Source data
+++
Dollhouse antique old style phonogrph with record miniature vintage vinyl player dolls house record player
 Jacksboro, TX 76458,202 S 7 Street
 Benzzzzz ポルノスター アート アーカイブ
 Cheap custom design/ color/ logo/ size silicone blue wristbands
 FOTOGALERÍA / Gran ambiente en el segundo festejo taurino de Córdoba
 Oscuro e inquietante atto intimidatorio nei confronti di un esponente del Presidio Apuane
+++
#### [Task to complete]
From the first line to the last, return the data above exactly.

#### [Solution]
Dollhouse antique old style phonogrph with record miniature vintage vinyl player dolls house record player
 Jacksboro, TX 76458,202 S 7 Street
 Benzzzzz ポルノスター アート アーカイブ
 Cheap custom design/ color/ logo/ size silicone blue wristbands
 FOTOGALERÍA / Gran ambiente en el segundo festejo taurino de Córdoba
 Oscuro e inquietante atto intimidatorio nei confronti di un esponente del Presidio Apuane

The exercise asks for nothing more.